* [Work task]: Give back an exact copy of the lines in the records below, from the line that has "Oncidium Holm’s Wizard" through the line that has "Have You Ever Seen The Rain remayk", and nothing besides.

* [Input data]:
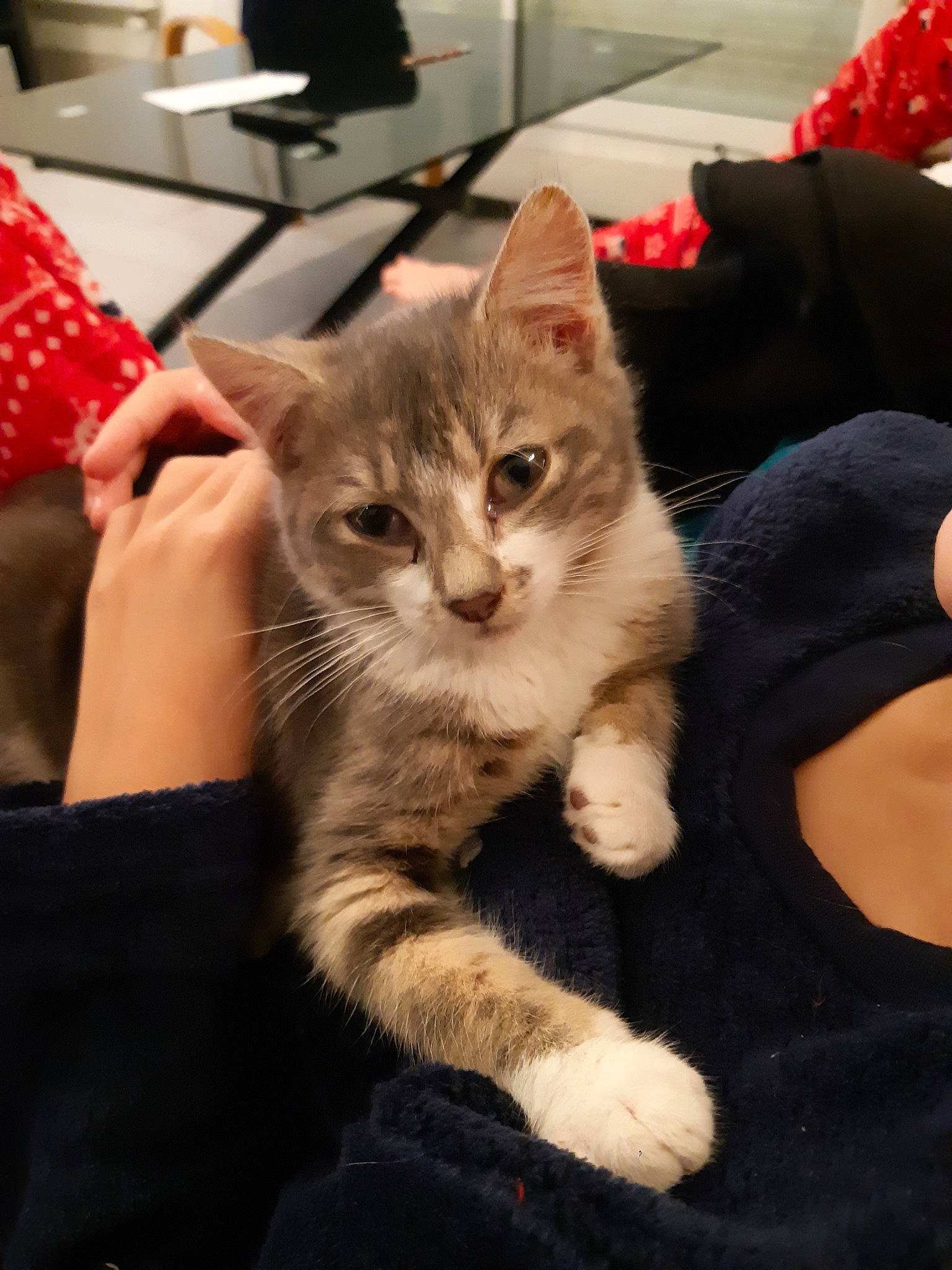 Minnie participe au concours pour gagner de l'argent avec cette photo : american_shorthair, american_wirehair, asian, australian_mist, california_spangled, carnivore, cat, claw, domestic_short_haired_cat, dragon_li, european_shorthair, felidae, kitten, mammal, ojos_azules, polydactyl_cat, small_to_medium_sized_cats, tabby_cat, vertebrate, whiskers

---

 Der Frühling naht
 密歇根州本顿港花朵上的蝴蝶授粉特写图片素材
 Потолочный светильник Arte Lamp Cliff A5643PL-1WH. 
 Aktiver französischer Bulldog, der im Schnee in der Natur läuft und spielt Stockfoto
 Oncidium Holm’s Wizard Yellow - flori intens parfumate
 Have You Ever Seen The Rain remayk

* [Exercise answer]:
 Oncidium Holm’s Wizard Yellow - flori intens parfumate
 Have You Ever Seen The Rain remayk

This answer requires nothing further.